When an attribute of one entity refers to another entity, some relationships exist. In the ER model, these references should not be modeled as attributes but as relationships or weak entities. Similar to entities, there are two classes of relationships: weak and strong. Weak relationships associate the weak entities with other entities. Relationships can have attributes as entities. In our example, the car is advertised by the seller; the advertisement date is a property of the relationship.

Relationships have cardinality constraints to limit the possible combinations of entities that participate in a relationship. The cardinality constraint of car and seller is 1:N; the car is advertised by one seller, and the seller can advertise many cars. The participation between seller and user is called total participation, and is denoted by a double line. This means that a seller cannot exist alone, and he must be a user.

The many-to-many relationship cardinality constraint is denoted by N:M to emphasize the different participation by the entities.

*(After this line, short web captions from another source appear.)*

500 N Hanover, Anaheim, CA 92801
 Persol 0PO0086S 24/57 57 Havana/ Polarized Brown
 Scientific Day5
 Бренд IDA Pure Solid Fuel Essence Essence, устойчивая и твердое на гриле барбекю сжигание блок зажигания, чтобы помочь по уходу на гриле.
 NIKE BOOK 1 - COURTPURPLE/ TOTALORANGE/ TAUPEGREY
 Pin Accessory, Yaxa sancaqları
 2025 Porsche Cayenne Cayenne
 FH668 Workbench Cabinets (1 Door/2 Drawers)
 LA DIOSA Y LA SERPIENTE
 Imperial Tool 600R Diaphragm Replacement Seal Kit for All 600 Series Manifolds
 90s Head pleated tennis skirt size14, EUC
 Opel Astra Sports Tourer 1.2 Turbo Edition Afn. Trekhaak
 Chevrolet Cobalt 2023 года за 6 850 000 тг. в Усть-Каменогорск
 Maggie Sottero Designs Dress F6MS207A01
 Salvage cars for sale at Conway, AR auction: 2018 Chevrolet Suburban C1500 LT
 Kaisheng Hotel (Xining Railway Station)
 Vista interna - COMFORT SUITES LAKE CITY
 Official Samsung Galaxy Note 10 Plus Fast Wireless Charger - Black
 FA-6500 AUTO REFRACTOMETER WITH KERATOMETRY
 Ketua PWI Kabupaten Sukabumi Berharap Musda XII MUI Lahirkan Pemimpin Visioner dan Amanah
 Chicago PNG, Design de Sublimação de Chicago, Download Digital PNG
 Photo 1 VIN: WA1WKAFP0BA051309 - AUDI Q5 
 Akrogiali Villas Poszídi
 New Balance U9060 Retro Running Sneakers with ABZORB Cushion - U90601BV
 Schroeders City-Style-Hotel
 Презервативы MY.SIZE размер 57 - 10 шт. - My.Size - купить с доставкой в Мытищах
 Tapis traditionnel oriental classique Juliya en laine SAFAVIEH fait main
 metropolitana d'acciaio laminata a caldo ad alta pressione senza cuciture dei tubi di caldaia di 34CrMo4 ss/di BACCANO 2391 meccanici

Up until now, only the basic concepts of ER diagrams have been covered. Some concepts, such as (min, max) cardinality notation, ternary/n-ary relationships, generalization, specialization, and enhanced entity relation (EER) diagrams, have not been discussed.

Mapping ER to relations

The rules to map an ER diagram to a set of relations (that is, the database schema) are almost straightforward, but not rigid. One could model an entity as an attribute, and then refine it to a relationship. An attribute that belongs to several entities can be promoted to be an independent entity. The most common rules are as follows (note that only basic rules have been covered, and the list is not exhaustive):

  • Map regular entities to relations. If entities have composite attributes, then include all the subparts of the attributes. Pick one of the key attributes as a primary key.
  • Map weak entities to relations. Include simple attributes and the subparts of the composite attributes. Add a foreign key to reference the identifying entity. The primary key is normally the combination of the partial key and the foreign key.
  • If a relationship has an attribute and the relation cardinality is 1:1, then the relation attribute can be assigned to one of the participating entities.
  • If a relationship has an attribute and the relation cardinality is 1:N, then the relation attribute can be assigned to the participating entity on the N side.
  • Map many-to-many relationships, also known as N:M, to a new relation. Add foreign keys to reference the participating entities. The primary key is the composition of foreign keys.
  • Map a multi-valued attribute to a relation. Add a foreign key to reference the entity that owns the multi-valued attribute. The primary key is the composition of the foreign key and the multi-valued attribute.

UML class diagrams

Unified Modeling Language (UML) is a standard developed by the Object Management Group (OMG). UML diagrams are widely used in modeling software solutions, and there are several types of UML diagrams for different modeling purposes including class, use case, activity, and implementation diagrams.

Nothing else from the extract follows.